Stored dataset items:
★ ★ ★ ★ ★ ★ ★
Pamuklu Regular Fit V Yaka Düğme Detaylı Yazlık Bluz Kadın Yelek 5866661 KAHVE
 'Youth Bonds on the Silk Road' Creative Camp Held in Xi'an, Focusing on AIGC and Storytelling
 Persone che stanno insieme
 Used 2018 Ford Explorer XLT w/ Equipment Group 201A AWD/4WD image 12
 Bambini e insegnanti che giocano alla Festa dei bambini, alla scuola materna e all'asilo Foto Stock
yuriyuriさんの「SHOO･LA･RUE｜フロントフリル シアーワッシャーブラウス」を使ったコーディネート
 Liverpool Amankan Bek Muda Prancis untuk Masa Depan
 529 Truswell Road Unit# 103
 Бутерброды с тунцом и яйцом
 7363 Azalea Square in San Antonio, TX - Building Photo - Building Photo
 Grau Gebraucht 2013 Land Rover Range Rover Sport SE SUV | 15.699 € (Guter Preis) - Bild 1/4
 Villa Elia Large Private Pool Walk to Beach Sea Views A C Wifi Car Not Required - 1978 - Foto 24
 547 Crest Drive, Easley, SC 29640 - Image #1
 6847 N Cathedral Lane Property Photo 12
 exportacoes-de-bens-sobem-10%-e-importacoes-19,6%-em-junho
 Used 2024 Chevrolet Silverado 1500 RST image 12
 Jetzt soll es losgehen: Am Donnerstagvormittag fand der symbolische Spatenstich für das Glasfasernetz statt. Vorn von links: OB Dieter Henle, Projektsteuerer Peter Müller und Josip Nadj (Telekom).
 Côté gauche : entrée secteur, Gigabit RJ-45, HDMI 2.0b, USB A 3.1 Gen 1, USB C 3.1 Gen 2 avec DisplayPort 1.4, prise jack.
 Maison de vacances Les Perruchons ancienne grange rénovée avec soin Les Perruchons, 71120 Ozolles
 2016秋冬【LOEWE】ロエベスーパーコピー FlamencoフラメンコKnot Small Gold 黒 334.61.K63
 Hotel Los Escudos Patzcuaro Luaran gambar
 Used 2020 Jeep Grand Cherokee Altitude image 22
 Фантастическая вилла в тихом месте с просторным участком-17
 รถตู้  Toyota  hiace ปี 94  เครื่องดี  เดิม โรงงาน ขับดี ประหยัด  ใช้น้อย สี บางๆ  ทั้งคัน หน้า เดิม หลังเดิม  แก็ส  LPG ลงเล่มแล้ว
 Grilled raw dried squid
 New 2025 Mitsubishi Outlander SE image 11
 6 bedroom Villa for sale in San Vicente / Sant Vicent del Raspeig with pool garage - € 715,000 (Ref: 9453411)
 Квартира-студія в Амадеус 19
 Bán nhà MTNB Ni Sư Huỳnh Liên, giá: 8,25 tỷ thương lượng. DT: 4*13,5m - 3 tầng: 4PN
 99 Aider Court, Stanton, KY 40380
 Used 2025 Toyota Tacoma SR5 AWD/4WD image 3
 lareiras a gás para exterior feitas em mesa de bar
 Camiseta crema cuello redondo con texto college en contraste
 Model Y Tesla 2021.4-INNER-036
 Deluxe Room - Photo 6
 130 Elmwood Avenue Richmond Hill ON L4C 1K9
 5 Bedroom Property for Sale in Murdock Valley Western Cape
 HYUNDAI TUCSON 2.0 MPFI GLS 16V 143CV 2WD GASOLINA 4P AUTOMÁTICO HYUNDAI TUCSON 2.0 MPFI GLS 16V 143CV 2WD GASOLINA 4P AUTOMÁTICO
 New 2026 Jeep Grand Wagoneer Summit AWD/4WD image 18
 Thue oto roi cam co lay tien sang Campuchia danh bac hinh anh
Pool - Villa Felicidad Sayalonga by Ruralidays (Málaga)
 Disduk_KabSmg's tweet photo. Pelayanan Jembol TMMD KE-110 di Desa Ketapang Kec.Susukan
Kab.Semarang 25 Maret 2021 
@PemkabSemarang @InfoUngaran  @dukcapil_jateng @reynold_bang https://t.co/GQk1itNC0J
★ ★ ★ ★ ★ ★ ★
_Exercise prompt_
Exact copies of the line containing "Pool - Villa" and of every line after it through the end of the entries are all that should be output.

_Task answer_
Pool - Villa Felicidad Sayalonga by Ruralidays (Málaga)
 Disduk_KabSmg's tweet photo. Pelayanan Jembol TMMD KE-110 di Desa Ketapang Kec.Susukan
Kab.Semarang 25 Maret 2021 
@PemkabSemarang @InfoUngaran  @dukcapil_jateng @reynold_bang https://t.co/GQk1itNC0J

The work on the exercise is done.